Systematics of Quarter BPS operators in N=4 SYM

TL;DR

The paper develops a systematic construction of $1/4$ BPS operators in ${\cal N}=4$ SYM using $(4,1,1)$ harmonic superspace and component methods. It classifies scalar operators into candidate $1/4$ BPS primaries and long-descendant mixtures in $SU(4)$ representations $[q,p,q]$, defining primaries by orthogonality to descendants and showing their dimensions are protected to order $g^2$. It provides explicit multiplicities, complete operator bases for several reps, and a dictionary to ${\cal N}=1$ language, resolving prior counting mismatches and reinforcing non-renormalization properties relevant to AdS/CFT.

Abstract

A systematic construction is presented of 1/4 BPS operators in N=4 superconformal Yang-Mills theory, using either analytic superspace methods or components.

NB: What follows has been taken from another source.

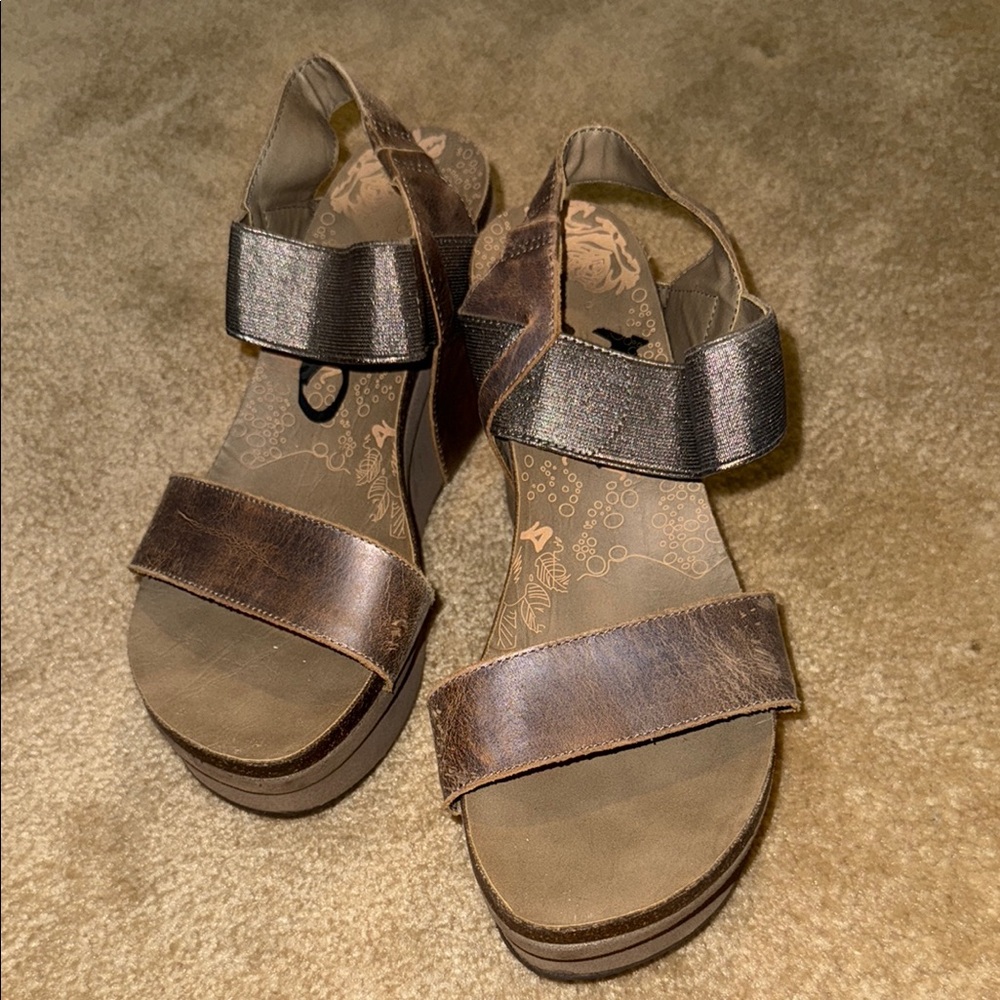 Stylish Brown Women's Sandals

In the construction, the operators of the classical theory annihilated by 4 out of 16 supercharges are arranged into two types. The first type consists of those operators that contain 1/4 BPS operators in the full quantum theory. The second type consists of descendants of operators in long unprotected multiplets which develop anomalous dimensions in the quantum theory. The 1/4 BPS operators of the quantum theory are defined to be orthogonal to all the descendant operators with the same classical quantum numbers. It is shown, to order $g^2$, that these 1/4 BPS operators have protected dimensions.